4.4 – Electronic Communications and Internet Use

The Firm has implemented an Electronic Communications Policy and Procedure designed to set standards for Supervised Person’s conduct when sending and/or receiving electronic communications, as well as accessing information on the Internet, sending and receiving electronic messages via the Firm’s internal and external electronic communications resources, the Internet, Instant Messaging (“IM”) and similar communication resources when using the Firm’s encryption software. In addition, the Firm acknowledges that social media platforms are useful tools for networking and communication, but these platforms present new challenges to a Firms ability to adhere to regulatory guidance. Social networking websites that are viewable/accessible by the general public, such as LinkedIn, that discuss the Firm’s business are considered to be retail communications.

Employees should be mindful that communications on social media, whether direct or indirect, can impact the Firm and cause reputational damage. This may result in disciplinary action for the employee, up to and including termination, regardless of when an employee engages in such conduct, and whether or not they are using Firm equipment or services. Please refer to the Electronic Communications and Internet Use Policy and Procedure set forth within the Compliance Manual.

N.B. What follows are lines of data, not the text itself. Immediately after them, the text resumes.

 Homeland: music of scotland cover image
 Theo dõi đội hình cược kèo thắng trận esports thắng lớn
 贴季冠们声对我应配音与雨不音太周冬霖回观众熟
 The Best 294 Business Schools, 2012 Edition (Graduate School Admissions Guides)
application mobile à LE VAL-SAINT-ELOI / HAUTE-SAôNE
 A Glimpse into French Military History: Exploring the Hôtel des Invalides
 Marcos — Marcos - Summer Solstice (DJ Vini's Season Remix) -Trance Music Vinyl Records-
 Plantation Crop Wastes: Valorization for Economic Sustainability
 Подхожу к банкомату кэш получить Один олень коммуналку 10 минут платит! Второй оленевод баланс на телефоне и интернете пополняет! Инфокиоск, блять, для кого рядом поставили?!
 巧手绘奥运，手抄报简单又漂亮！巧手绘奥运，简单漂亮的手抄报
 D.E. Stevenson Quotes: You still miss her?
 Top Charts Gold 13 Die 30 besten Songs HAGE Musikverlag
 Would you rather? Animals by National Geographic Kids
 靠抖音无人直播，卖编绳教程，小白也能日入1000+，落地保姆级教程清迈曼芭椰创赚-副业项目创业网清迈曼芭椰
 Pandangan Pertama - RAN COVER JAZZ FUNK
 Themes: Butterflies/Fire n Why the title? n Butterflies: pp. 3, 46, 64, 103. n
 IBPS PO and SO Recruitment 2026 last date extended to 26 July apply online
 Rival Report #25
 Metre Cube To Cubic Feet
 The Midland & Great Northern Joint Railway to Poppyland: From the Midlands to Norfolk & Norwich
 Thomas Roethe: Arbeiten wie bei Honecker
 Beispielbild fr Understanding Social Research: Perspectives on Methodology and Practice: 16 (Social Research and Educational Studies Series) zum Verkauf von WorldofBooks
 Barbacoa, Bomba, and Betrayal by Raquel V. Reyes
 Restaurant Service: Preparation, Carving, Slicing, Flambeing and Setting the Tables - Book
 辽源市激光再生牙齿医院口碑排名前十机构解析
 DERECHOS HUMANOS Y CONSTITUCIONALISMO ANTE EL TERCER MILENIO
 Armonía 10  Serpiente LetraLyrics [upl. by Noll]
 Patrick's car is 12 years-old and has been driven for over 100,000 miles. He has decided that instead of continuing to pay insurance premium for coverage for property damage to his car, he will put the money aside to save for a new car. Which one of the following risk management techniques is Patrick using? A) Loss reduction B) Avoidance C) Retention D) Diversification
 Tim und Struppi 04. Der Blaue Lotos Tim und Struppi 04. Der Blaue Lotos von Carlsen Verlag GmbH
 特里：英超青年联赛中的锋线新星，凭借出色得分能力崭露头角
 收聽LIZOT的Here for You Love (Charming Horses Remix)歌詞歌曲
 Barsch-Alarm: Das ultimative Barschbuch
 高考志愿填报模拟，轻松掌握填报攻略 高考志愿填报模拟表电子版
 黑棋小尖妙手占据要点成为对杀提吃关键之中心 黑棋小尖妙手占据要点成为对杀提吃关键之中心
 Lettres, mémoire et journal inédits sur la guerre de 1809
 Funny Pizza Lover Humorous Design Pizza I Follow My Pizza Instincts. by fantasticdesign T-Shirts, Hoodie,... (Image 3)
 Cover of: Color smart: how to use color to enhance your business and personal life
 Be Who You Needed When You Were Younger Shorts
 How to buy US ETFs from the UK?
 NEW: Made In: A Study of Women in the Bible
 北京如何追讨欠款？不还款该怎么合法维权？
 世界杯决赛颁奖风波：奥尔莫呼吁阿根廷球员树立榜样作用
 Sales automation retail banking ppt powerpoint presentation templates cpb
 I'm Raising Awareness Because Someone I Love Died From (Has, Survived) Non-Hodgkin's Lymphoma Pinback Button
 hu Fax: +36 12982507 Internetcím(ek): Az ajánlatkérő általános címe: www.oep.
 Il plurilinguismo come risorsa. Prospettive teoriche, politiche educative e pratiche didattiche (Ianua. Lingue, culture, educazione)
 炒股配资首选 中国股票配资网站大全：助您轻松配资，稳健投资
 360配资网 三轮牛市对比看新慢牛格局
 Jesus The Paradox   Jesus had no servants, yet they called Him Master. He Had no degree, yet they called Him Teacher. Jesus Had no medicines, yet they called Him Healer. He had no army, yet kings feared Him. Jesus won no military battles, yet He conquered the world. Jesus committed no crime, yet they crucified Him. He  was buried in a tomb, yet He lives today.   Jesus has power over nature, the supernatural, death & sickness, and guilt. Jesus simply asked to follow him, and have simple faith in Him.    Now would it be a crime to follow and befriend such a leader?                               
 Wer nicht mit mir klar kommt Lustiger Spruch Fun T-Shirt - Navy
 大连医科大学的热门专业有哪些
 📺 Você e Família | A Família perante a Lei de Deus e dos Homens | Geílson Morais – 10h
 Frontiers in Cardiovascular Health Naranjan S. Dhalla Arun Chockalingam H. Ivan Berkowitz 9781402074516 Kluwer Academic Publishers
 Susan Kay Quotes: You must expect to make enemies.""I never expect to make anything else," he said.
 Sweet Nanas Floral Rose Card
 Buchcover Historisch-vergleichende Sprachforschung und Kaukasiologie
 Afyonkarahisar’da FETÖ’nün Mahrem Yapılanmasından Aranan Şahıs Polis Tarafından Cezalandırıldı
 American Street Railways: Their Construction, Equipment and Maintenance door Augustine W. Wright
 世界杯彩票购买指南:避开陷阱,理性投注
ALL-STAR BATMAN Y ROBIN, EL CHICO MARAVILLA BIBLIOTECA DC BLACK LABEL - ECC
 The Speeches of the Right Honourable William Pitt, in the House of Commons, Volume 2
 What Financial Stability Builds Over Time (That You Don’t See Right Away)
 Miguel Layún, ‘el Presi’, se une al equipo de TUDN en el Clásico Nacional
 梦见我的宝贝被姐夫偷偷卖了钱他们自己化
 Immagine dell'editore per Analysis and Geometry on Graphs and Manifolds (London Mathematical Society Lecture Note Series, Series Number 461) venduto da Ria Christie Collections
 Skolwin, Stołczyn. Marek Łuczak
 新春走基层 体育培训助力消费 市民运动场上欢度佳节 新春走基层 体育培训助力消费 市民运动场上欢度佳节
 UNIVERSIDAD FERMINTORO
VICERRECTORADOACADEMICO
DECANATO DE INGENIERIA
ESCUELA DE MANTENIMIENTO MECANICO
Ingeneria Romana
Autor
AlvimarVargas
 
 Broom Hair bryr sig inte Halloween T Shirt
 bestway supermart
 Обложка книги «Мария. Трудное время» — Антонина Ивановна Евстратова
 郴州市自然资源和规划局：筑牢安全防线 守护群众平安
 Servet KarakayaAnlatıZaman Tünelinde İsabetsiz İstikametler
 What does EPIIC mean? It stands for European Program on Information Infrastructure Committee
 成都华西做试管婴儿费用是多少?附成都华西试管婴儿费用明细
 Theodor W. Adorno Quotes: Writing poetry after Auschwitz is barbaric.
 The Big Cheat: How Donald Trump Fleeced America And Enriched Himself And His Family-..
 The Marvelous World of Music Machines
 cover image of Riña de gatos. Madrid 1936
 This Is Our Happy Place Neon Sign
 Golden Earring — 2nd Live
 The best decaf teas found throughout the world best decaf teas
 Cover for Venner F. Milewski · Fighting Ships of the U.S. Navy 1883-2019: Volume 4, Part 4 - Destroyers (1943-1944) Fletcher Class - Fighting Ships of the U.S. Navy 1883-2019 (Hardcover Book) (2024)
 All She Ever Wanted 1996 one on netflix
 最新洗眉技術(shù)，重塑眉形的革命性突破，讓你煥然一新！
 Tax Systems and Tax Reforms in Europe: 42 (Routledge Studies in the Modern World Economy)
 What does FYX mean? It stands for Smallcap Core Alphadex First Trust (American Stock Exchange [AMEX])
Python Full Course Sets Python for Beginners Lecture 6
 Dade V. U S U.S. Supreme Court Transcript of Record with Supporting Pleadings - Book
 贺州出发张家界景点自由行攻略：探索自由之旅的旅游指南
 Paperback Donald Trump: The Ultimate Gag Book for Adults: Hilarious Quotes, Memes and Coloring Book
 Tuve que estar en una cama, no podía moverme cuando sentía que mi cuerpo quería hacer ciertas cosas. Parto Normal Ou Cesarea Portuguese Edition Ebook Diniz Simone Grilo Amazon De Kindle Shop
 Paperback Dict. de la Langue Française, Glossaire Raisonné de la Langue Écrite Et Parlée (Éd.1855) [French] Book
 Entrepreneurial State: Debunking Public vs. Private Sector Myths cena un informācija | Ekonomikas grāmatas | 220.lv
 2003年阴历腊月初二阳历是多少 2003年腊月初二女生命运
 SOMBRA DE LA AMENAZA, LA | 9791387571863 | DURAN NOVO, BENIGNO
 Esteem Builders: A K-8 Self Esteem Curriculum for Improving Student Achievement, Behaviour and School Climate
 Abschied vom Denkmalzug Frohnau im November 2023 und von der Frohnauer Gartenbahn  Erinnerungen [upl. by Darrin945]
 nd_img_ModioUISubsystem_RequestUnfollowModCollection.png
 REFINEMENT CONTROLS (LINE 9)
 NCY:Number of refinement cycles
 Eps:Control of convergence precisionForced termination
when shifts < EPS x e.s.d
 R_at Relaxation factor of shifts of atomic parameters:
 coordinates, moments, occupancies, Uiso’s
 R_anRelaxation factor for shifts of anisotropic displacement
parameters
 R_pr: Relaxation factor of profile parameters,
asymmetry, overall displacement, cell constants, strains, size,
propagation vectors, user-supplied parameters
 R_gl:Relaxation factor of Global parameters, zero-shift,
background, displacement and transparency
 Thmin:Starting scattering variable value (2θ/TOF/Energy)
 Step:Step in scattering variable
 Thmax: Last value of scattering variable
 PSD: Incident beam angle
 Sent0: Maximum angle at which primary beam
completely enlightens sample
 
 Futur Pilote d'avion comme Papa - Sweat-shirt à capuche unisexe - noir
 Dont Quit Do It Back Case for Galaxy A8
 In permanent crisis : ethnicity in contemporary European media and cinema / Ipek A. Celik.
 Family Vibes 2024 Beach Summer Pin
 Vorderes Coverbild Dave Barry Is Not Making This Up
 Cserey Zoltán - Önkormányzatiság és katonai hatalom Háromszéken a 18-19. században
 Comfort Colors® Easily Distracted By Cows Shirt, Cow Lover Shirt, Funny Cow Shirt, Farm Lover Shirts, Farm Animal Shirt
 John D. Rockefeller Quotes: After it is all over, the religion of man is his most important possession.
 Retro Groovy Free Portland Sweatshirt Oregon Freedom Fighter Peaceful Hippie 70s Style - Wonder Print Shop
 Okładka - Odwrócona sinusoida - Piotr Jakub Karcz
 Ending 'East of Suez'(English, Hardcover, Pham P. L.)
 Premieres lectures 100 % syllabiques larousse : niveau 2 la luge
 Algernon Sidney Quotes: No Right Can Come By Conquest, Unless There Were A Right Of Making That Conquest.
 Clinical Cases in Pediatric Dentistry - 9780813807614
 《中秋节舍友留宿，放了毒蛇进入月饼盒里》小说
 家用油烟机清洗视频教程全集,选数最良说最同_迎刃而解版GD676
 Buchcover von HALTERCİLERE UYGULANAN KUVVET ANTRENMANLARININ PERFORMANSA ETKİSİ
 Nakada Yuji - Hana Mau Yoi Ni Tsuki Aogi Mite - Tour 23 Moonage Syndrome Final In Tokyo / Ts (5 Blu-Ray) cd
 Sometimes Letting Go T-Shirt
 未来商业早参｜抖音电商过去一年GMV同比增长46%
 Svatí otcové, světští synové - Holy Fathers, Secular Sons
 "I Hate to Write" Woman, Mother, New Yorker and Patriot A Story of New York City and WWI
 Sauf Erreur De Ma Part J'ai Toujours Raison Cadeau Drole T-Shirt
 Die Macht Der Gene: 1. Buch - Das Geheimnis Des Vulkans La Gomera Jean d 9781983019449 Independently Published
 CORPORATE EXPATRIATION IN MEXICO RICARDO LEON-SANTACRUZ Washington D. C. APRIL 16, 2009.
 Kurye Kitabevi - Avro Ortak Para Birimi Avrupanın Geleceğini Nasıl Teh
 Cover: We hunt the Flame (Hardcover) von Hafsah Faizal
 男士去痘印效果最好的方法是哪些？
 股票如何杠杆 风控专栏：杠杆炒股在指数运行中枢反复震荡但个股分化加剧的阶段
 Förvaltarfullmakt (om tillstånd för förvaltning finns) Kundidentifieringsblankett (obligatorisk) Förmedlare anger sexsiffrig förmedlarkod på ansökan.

4.5 – Communications with the Public

It is the Firm’s policy that all Firm generated communications with clients, prospective clients, the media and others must be based upon principals of fair dealing and good faith, and must provide a sound basis for evaluating the facts with regard to any particular security or type of security, industry or service. The Firm’s Compliance Manual set forth, among other things, specific requirements, standards, and guidelines applicable to all communications with the public to ensure communications are not misleading including, but not limited to:

 

   

Statements must be clear and not misleading.

 

   

Communications may not predict or project performance, imply that past performance will recur or make exaggerated, unwarranted claim or forecast.

 

   

All charts are to be sourced, and all manager comparisons must include a universe disclosure.

 

   

Proper disclaimers are used based on strategy and client base.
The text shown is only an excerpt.